Dikatakan sebagai  gerakan berekreasi, artinya bahwa GMKI harus membina diri secara utuh, yaitu jasmani dan rohani   atau secara psikis dan fisik. Tujuannya adalah supay menikmati segala ciptaan dan kebahagiaan yang diiberikan oleh Tuhan. Berrekreasi adalah bentuk  revrecing yang bertujuan memberi nuansa baru sehingga ada gairah dan semangat baru  untuk kembali kedalam kungkungan rutinitas. Bagi kita GMKI kesempatan rekreasi ini dipandang perlu dan  harus dijadikan sebagai moment dimana kita bisa  melepas kejenuhan setelah terforsir dan bentuknya bisa dikemas dalam berbagai cara, misalnya bentuk pembinaan rohani, pelayanan sosial  dan lain sebagainya.

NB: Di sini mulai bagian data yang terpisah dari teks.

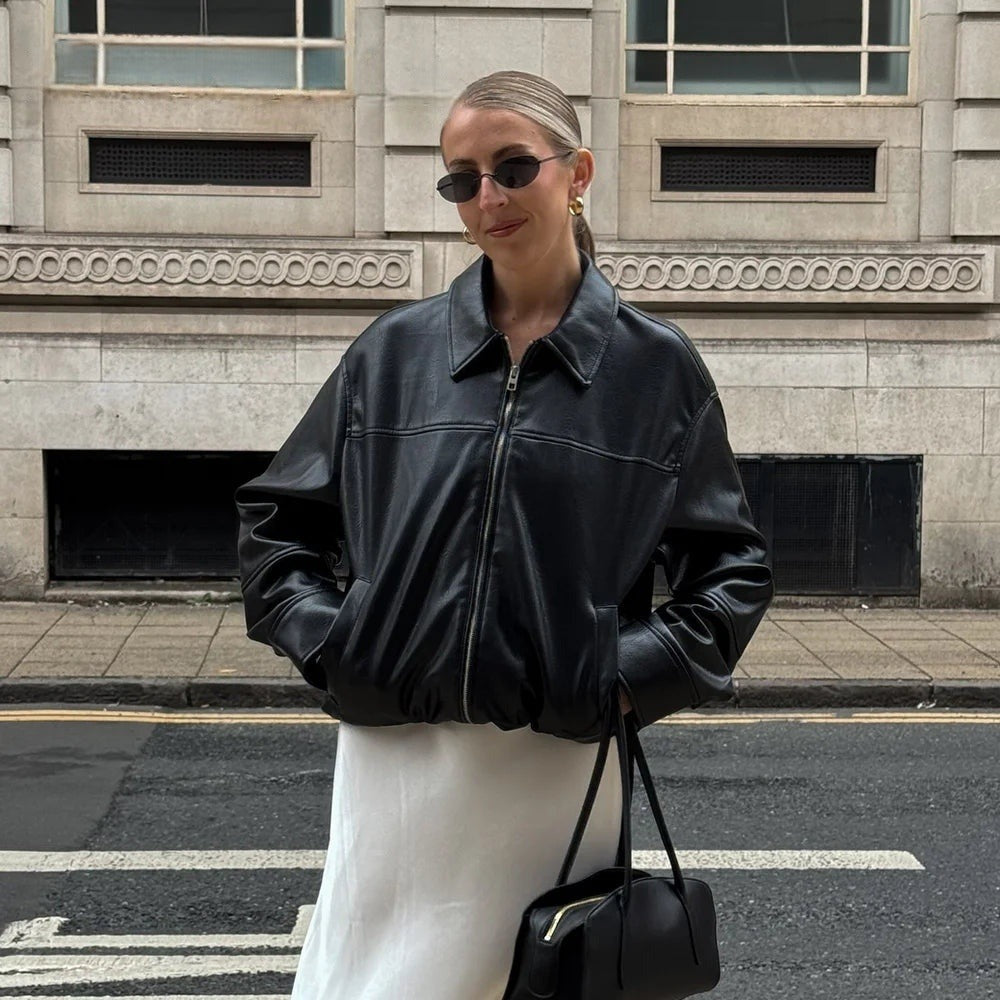 Veste vintage effet cuir à empiècements Cosette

Kelima  aktivitas pokok   GMKI  yang disebut Panca Kegiatan inilah yang kemudian  dikenal juga dengan sebutan  TRI PANJI GMKI   ( Tinggi  Iman;  Tinggi  Ilmu  dan  Tinggi  Pengabdian ).

Sejarah GMKI Palembang

GMKI Palembang di sahkan sebagai cabang di Kongres GMKI IX di Pematang Siantar pada tahun 1963.
GMKI Palembang terbentuk berkat usaha seorang dosen UNSRI bernama Pdt. J.S Matulessi bersama-sama dengan kader-kader GMKI yang pada saat itu berada di kota Palembang. Kehadiran GMKI Palembang di kota Palembang di harapkan dapat menjadi motor pergerakan mahasiswa di dalam 3 medan pelayanannya sehingga apa yang menjadi tujuan organisasi sesuai dengan  yang tertuang dalam Anggaran Dasar GMKI pasal yang ke 3 dapat tercapai.